ここの部分は話すと長くかかってしまうので、上記スライドでもわかるように「番外編」とし、上記内容を一案として、子どもたちに提示させてもらいました(別のところでもう少し散りばめて触れています)。

 

まとめ

中学生への研修内容、①については以上となります。

 

「みんな仲良く、いつも元気に」というのは誰もが「よい」と思って「疑わないもの」ですし、私たちは簡単に「同じクラスなんだから仲良くね」とか、ママ友(ママがいまだに多いという現実において便宜上ここではママを使っています)も「家が近いから仲良くしないと」と付き合っている人たちも多いだろうと思います。

 

そのことを否定するつもりはありません。

しかし、そもそも論、「みんなと仲良くすることが得意」な子どももいれば、「人と話をすることが苦手」という子もいることを忘れてはいけないと私は考えます。

 

また、元気で誰かと遊びたいときもあれば、ひとりで静かに過ごしたいときもあるのが人だということを忘れてはいけないでしょう。

 

「みんな仲良く、いつも元気に」というのが「疑われなければ疑われないほど」、それができない子は「その子の努力不足」とされ、懲罰的な対応や「みんな我慢してるのにずるい」という本末転倒なことが起こってしまいかねません。

 

また、これも前に書いたと思いますが、子どもには逃げ場がほとんどありませんし、子どもたちは学校において逃げ方をほとんど教わりません。

 

逃げる場がなく、どうしたら「みんな仲良く、いつも元気に」なれるかを考える世界だけでは、息苦しくなってしまわないでしょうか。

もしも会社で「みんな仲良く」と言われ、いつもランチをみんなで輪になって食べるとしたら、もしも「いつも元気に」と言われ、「元気がないぞ」と肩を叩かれるようなことが日常茶飯事だったら…どうでしょうか。

正直しんどくないでしょうか?

仲良くなることや元気でいることが「得意」な子も、そういう空間が「大好き」と感じる子も、もしかしたらいるかもしれません。

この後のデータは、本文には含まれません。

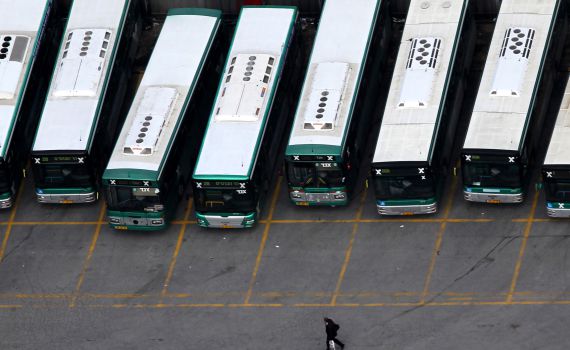 המדינה לבג"צ: אין צורך בתחבורה ציבורית בשבת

子どもと大人はそもそも違うだろうという意見もあるかと思います。

でも、子ども全員が「得意」でその空間を「大好き」と思うとは思えません。

もっと言えば、そういう子は自分で逃げ場や楽しみをきちんと持つことができている子ではないかと思われます

そういう子たちだけではない、けど、子どもたちはみんな義務で通うのが義務教育であるということにきちんと目を向けることが大切ではないでしょうか。

 

学校批判をしたいわけではありません(それもなくはないですが)。

そうではなくて、私は「みんな仲良く、いつも元気に」をがんばって目指しすぎなくてもいいのかもよと、子どもたちに逃げ場を提供できることが大切と考えています。

「みんなと合わなくてもOK」という前提で「共存」「協力」、そして時に「対話」をする。

そういう「ゆとり」を持てる空間に学校がなればいいなと思います。